Die Stadt der Frauen

Von Werner Hörtner · · 2000/06

Irgendwo im südlichen Mexiko, am Golf von Tehuantepec, liegt eine Stadt, die anders ist, anders als die Städte in Mexiko oder in Lateinamerika oder sonst wo auf der Welt. Festgebaute und wohlernährte Frauen in knallfarbenen Röcken und buntbestickten Blusen beherrschen das Straßenbild und den Markt, stolzieren hoch aufgerichtet zwischen den Ständen voller Früchte und Meerestiere oder sitzen selbstbewusst und stämmig daneben, auf Kundschaft wartend. Die Frauen be“herr“schen die Wirtschaft, sie beherrschen das öffentliche Leben – die Männer sind Bauarbeiter oder Lastwagenfahrer und die Herren im Rathaus. Ihre politische Macht ist jedoch eher formeller Natur, hält sich in engen Grenzen.

Ja, von Juchitán ist die Rede, der Stadt mit den starken Zapotekinnen, Gegenstand vieler anthropologischer Untersuchungen als eine der letzten Oasen des Matriarchats, und zwar eines sehr gut funktionierenden Matriarchats. Die deutsche Ethnologin und Soziologin Veronika Bennholdt-Thomsen, die in Mexiko studierte und später immer wieder zu Forschungsaufenthalten dorthin zurückkehrte, gab vor sechs Jahren im Rowohlt Verlag ein vielbeachtetes – leider bereits vergriffenes – Taschenbuch über die „Stadt der Frauen“ heraus. Nun ist bei Frederking & Thaler ein Bildband zu Juchitán erschienen, ebenfalls von Bennholdt-Thomsen – zusammen mit der Journalistin Mechthilf Müser und der Fotografin Cornelia Suhan – herausgegeben.

In kräftigen und farbenprächtigen Bildern sind die stolzen Juchitecas wiedergegeben, bei der Arbeit am Markt, im Gasthaus, in der Familie, beim Plaudern – und bei den Festen. Denn die Frauen von Juchitán lieben es, zu feiern, zu tanzen und zu lachen. Ihre Sinnlichkeit, die schon Frida Kahlo bewundert hat, wird bei uns jedoch als sexuelle Freizügigkeit missverstanden, Juchitán als Insel der Promiskuität fehlinterpretiert. Vor einigen Jahren schrieb eine französische Journalistin für die Zeitschrift „Elle“ eine fetzige Reportage über die freizügigen Juchitecas. Diese verklagten daraufhin die Zeitschrift. Der Vergleich lautete, dass „Elle“ eine neue Reportage in Auftrag geben musste – diesmal unter Aufsicht eines Frauenkomitees von Juchitán.

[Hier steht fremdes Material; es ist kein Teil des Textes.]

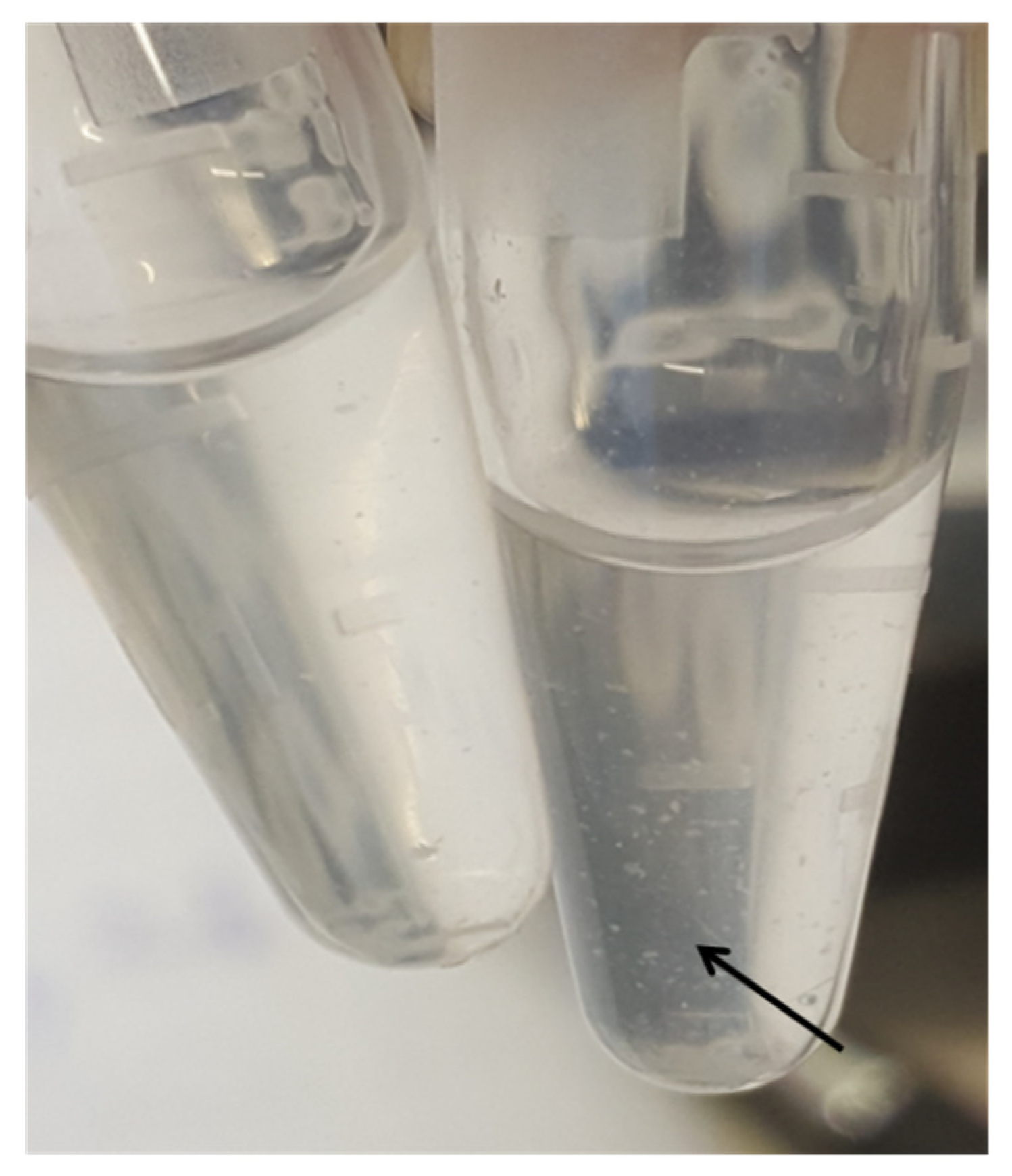 Biotech 11 00017 g001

Die Texte von Bennholdt-Thomsen und Müser sind – mit den dazu passenden Fotos – thematisch gegliedert: Markt, Handel, Kindheit und Jugend, Feste, religiöse Feiern usw. Und auch ein Kapitel über eine weitere Besonderheit von Juchitán darf nicht fehlen: die Musches – Männer, die als Frauen auftreten – und die Marimachas – lesbische Frauen im Männer-Outfit.

Ein Buch, das beim Lesen und beim Betrachten Freude bereitet, etwas mitteilt und auch abgibt von der Kraft und Lebensfreude der Juchitecas – und das bei aller Sinnlichkeit auch nachdenklich machen kann und soll. Nachdenklich über diesen alternativen Lebensentwurf der Juchitecas, der auch ein wirtschaftlich gut funktionierendes System enthält.

Veronika Bennholdt-Thomsen, Mechhild Müser, Cornelia Suhan: FrauenWirtschaft. Juchitán – Mexikos Stadt der Frauen. Verlag Frederking & Thaler, München 2000. 142 Seiten, zahlreiche Farbabbildungen, öS 437,-.